Caddy Thinks Voice Is the Next Operating System, and I Think They Might Be Right

The Macro: Voice Assistants Have Been a Punchline for Too Long

I have tried every voice assistant that has launched in the last five years. Every single one. And I have abandoned every single one within a week. The pattern is always the same: impressive demo, workable first session, then the friction compounds until I am back to typing because it is just faster.

The problem is not that voice recognition got worse. It got dramatically better. The problem is that voice assistants were designed as command interfaces, not workflow interfaces. You speak, it does one thing, you speak again, it does another thing. That is not how anyone actually works. Real productivity is contextual. You are bouncing between Slack and email and Linear and Notion, and the value of any assistant depends on whether it understands the thread you are pulling across all of those tools.

Siri is the obvious punching bag here, but the real failures are more instructive. Otter.ai built an incredible transcription engine but never figured out how to turn transcripts into actions. Krisp solved the noise cancellation problem beautifully and then stalled. Voice.ai went the consumer entertainment route. None of them cracked the fundamental challenge: making voice an actual productivity multiplier instead of a novelty.

The tools that have succeeded in AI-assisted productivity are all text-based. Cursor for code. Notion AI for docs. Linear’s AI triage. They work because they are embedded in the workflow, not layered on top of it. The question for voice is whether anyone can build something that feels equally native to how people actually get things done.

The market opportunity is enormous if the execution is right. Knowledge workers spend roughly 40 percent of their day on task switching and context management. That is not a made-up number. It is a real, measurable drain, and voice is theoretically the fastest input method available. The gap between the theoretical value and the actual delivered value of voice assistants is the entire opportunity.

The Micro: Two Loom Veterans Who Actually Shipped AI Products

Caddy is an operating system that learns how you work and acts on your behalf. It runs in two modes. Action Mode takes voice commands and executes tasks across email, calendar, Slack, Linear, and Notion. Dictation Mode is voice-to-text that adapts to your style. The key differentiator is the proactive part. Caddy is not just waiting for commands. It is learning your patterns and surfacing actions before you ask for them.

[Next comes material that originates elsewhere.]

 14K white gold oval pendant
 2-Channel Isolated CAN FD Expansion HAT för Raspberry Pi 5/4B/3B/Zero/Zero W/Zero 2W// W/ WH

Connor Waslo and Rajiv Sancheti are both ex-Loom, where they spent four years each. Connor led product for Loom’s AI Suite and Monetization team. Rajiv led design for the AI suite, with prior experience at Airbnb and as a Kleiner Perkins Fellow. That Loom background is directly relevant. Loom was one of the first companies to figure out how to make async video feel like a natural part of work, not a disruption. Understanding how to embed a new modality into existing workflows is exactly the skill set you need to make voice work in productivity.

They are based in New York and came through Y Combinator’s Fall 2025 batch. The product is currently in waitlist mode, which means they are being selective about early users rather than chasing vanity signups. That is the right call for a product that needs to learn individual work patterns before it can deliver on its promise.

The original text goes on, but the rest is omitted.